Hi,
I am a new user to Druid. I was using the quantilesDoubleSketchToHistogram query.
I think the result being delivered is incorrect. Requesting for further light on this topic.
MY QUERY :
{
“queryType”: “groupBy”,
“dataSource”: “sample1”,
“granularity”: “hour”,
“dimensions”: [
{“type”: “default”, “dimension”: “appid”, “outputName”: “application_id”}
],
“aggregations”: [
{
“type” : “quantilesDoublesSketch”,
“name” : “count_appid”,
“fieldName” : “appid”
}
],
“postAggregations”: [
{
“type” : “quantilesDoublesSketchToHistogram”,
“name” : “histogram_count_appid”,
“field” : { “type” : “fieldAccess”, “fieldName” : “count_appid”},
“splitPoints” : [1000.0,2000.0]
}
],
“intervals”: [“2020-02-07T00:00:00.000Z/2020-02-07T23:59:00.000Z”]
}
MY RESULT :
timestamp : 2020-02-07T06:00:00.000Z
histogram_count_appid : 400
count_appid : 4
application_id : 1044534198
timestamp : 2020-02-07T06:00:00.000Z
histogram_count_appid : 200
count_appid : 2
application_id : 1057889290
and so on…
I have taken reference of the this chat
URL : https://github.com/apache/druid/issues/6853
"Also i calculated the quantiles of [0.50, 0.75, 0.90, 0.95] and the histograms of [ 0.0, 200.0, 400.0, 600.0, 800.0, 1000.0, 1200.0, 1400.0, “Infinity” ] by myself. They were [100, 1150, 1772, 1886] and [ 6.0, 0.0, 0.0, 1.0, 0.0, 0.0, 0.0, 3.0 ].

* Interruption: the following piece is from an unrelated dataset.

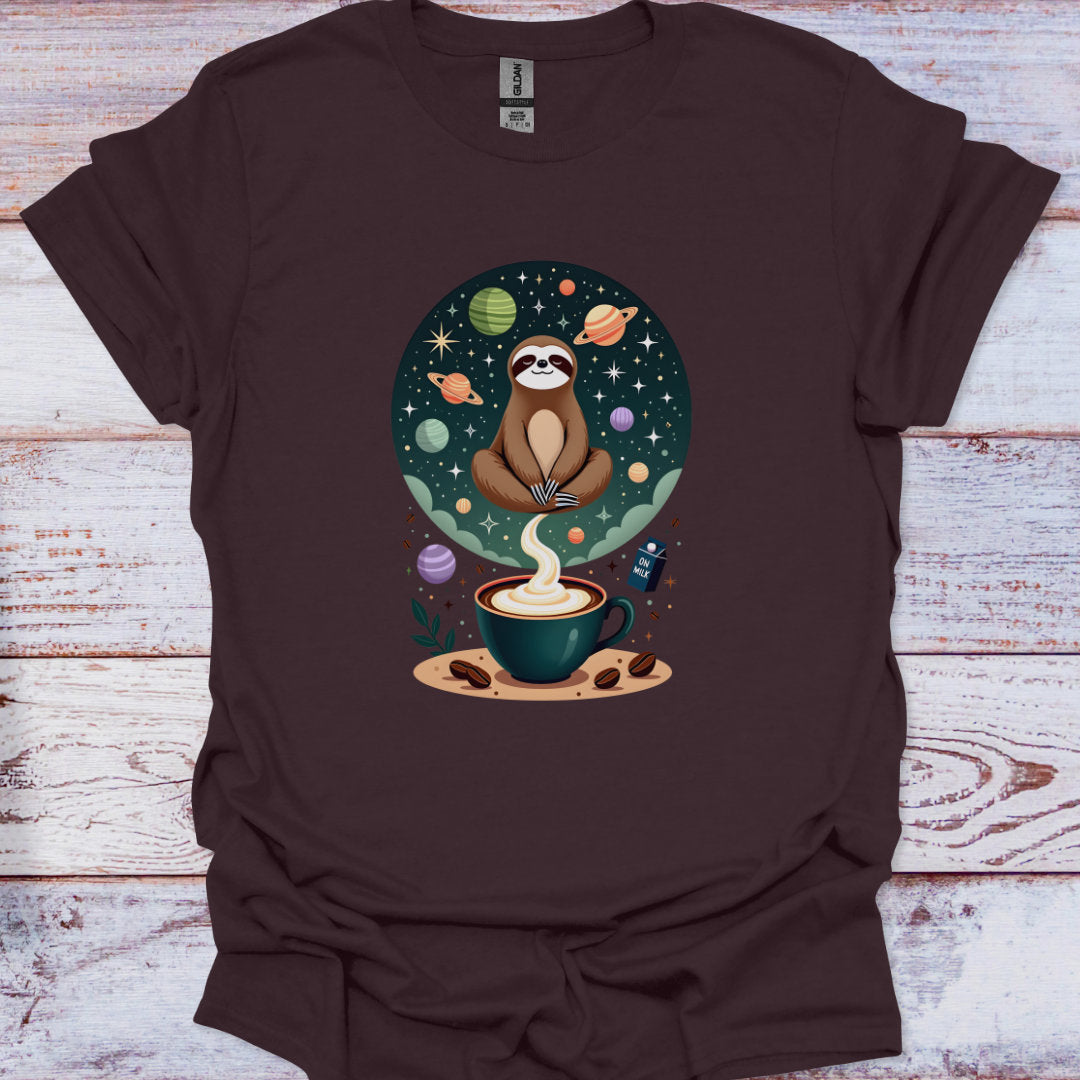 Brown t-shirt with a sloth and coffee design on a wooden surface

Compared the actual result with the query result, i found the quantile query of approximate histogram was more accurate than quantiles
sketch, but for the histogram query, quantiles sketch was win.
Can you tell me more about why the the quantile query of approximate histogram was more accurate thanquantiles sketch?"
My results differ from the above chat. Is there something I am missing to get the correct answer?